İlk yarı sıkıntılıydı geçti temsilcimiz adına, özellikle orta saha da yoklukları oynuyordu Beşiktaş. Bobo sol çizgiden top alıp içeriye giriyor, Tabata forvet arkası mevkisine oynamaya çalışıyor-sahi bugün İlker Yasin'in Tabata dediğini duydunuz mu maç anlatımında?-, Nihat'sa uzun süredir oynadığı sağ iç forvet mevkisinde topla buluşamıyor, aldığı toplarıda ya çalımda kaybediyor yada pas hatası yapıyor. Savunmada ise işler iyi olmasa bile, sırıtmıyor herhangi bir parça. Toroman'ın maça mçıkarkenki yüz ifadesinden bu gece bir tersliğe yol açacağını farkediyoruz ama dilimiz varmıyor söylemeye; Aurelio bildiğimiz Memo, ayakları sağlam basıyor yere; Ersan'sa biraz bocalıyor ilk yarı, tabi heyecanlıda Porto'ya karşı oynamaktan ama ayakları en sağlam basan oyuncu olamktanda geri kalmıyor. Porto cephesinde işler tıkırında. İleride çoğalamayan, pas yapamayan BJK'yi savunmada zorlanmıyor birde Hulk canavarına topu iletip tehlike yaratıyorlar.

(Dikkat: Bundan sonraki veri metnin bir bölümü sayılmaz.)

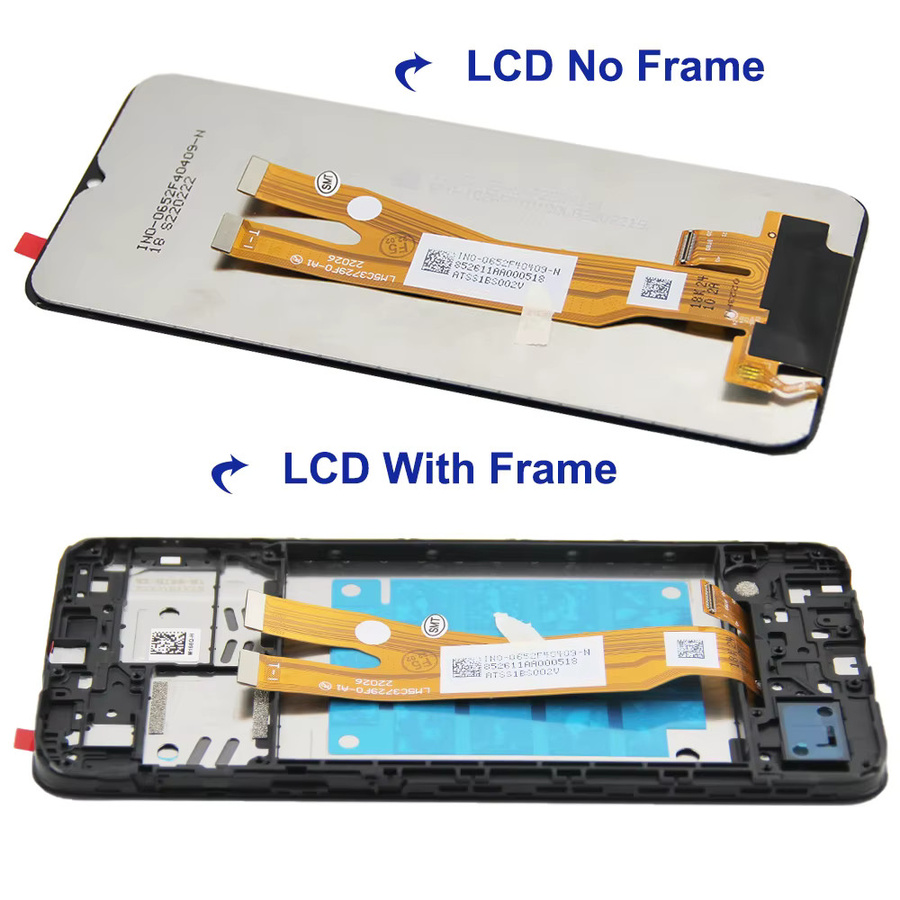 Samsung A03 Core Display mit Touchscreen und Rahmen in Schwarz für SM-A032F/DS - Bild 4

Buna rağmen gol bulamadılar aslında. Penaltı pozisyonuna pek bir yorum yapmak istemiyorum. Hakan'ın bu tür hata(!)larına alıştık artık. Rüştü'de buna benzer şeyleri yapardı. Abisinden öğreniyor herhalde deyip geçiyorum.

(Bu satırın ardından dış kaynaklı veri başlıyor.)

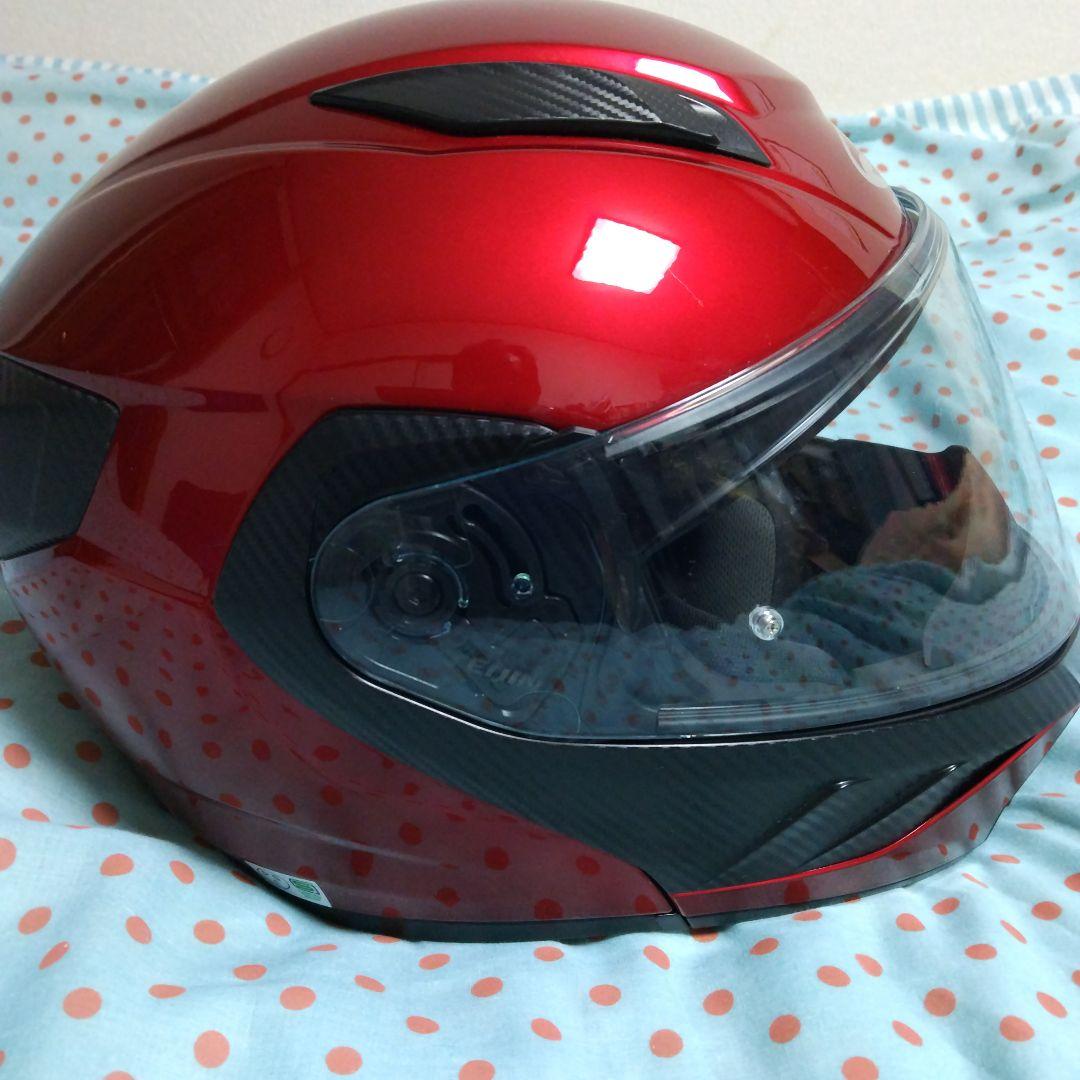 ❰けい専用❱オージーケーカブト Ryuki シャイニー レッドSサイズ❰美品❱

İkinci yarıda ise Tabata'nın çıkışı biraz daha rahatlattı gibi takımı. 10 kişi oynamaktan daha bir 11 kişiye oynamaya döndüler. İ.Üzülmez'İn tecrübesi ile 10 kişi kalan Porto Hulk ile yakaladığı pozisyonu şımarıkca harcayınca baskıyı artırdı o dakikadan sonra BJK. Fatih Akyel misali, sağdan bindirmelerle öne çıkan Hilbert, orta yapma konusunda biraz daha becerikli olsaydı o bir kaç ataktan 2 gol çıkarabilirdi takım. Fakat sonra sahada bir an Hami Mandıralı'yı gördük. Böyle anlık bir görüntüydü, sağ çaprazdan topa vurup kaçtı sanki. Evet Nihat'ın füzesinden bahsediyorum. La Liga esintili olsada bizin Hami'yle alışık olduğumuz o füze. Gerçektende harika bir goldü. Dilerim Nihat devam eder artık, çünkü performansı fazlaca inişli-çıkışlı olmaya başladı. Füze füzeydi ama, Bobo'da birşeylerin sinyalini vermeye çalışıyorda yakın dakikalarda, hızlı bir atakta soldan aldığı topu, sağdan hızla kaçan Holosko'ya vermek yerine kaleye göndererek. Zaten bu mesajdan sonra yapcağını yapıyor, yüksek gelen topu orta saha çizgisinin oralardan yumuşatıp, harika saklayıp, müthiş bir şut çıkarıyor ama adi üst direk, gol diye havaya zıplayanları havadaki maksimum yükseklikte yakalıyor. Balkondan atlamaya koşanları kapıdan döndürüyor adeta. Gerçektende son yıllarda izlediğimiz enfes hareketlerin başında geliyor Bobo'nun "o" şutu.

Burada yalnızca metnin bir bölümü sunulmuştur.